» **PROVIDED DATA**
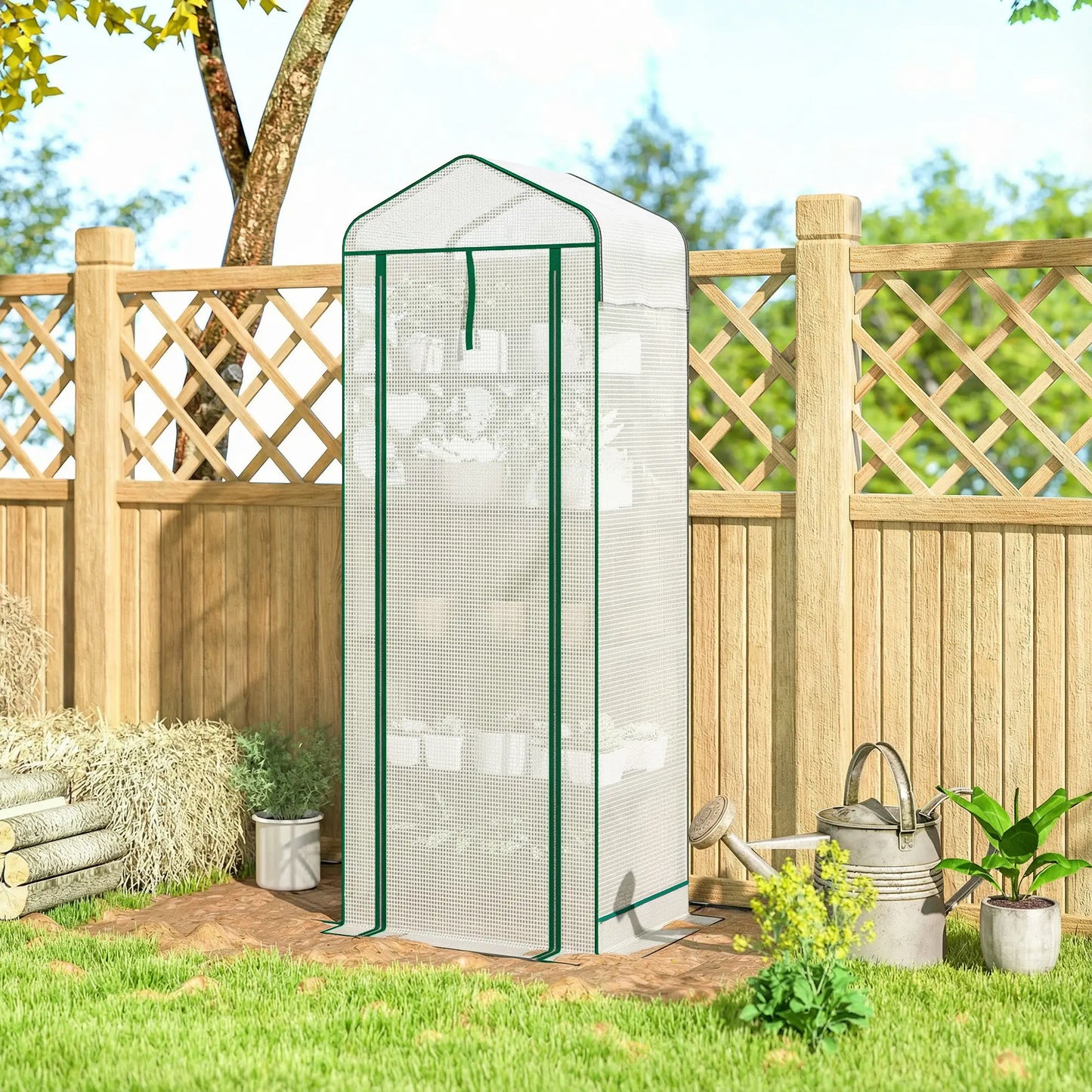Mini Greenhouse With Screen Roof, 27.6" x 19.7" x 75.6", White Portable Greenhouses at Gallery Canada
==
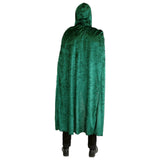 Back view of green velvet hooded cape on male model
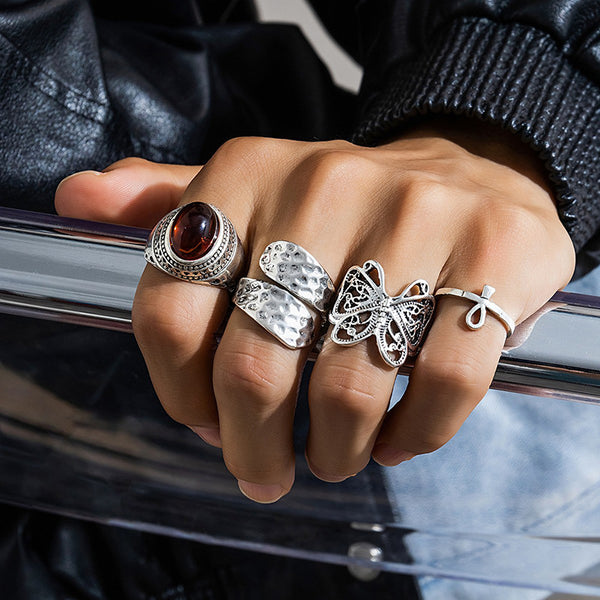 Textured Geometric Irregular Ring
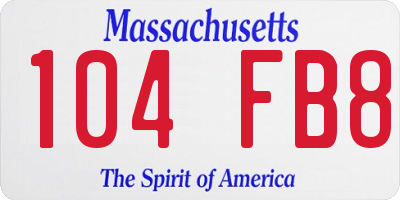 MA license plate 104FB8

» **WORK TO BE COMPLETED**
Copy word for word the lines of the records above from the one with "Textured Geometric Irregular Ring" up to and including the one with "MA license plate 104FB8". Skip the pictures.

» **TASK OUTPUT**
 Textured Geometric Irregular Ring
 MA license plate 104FB8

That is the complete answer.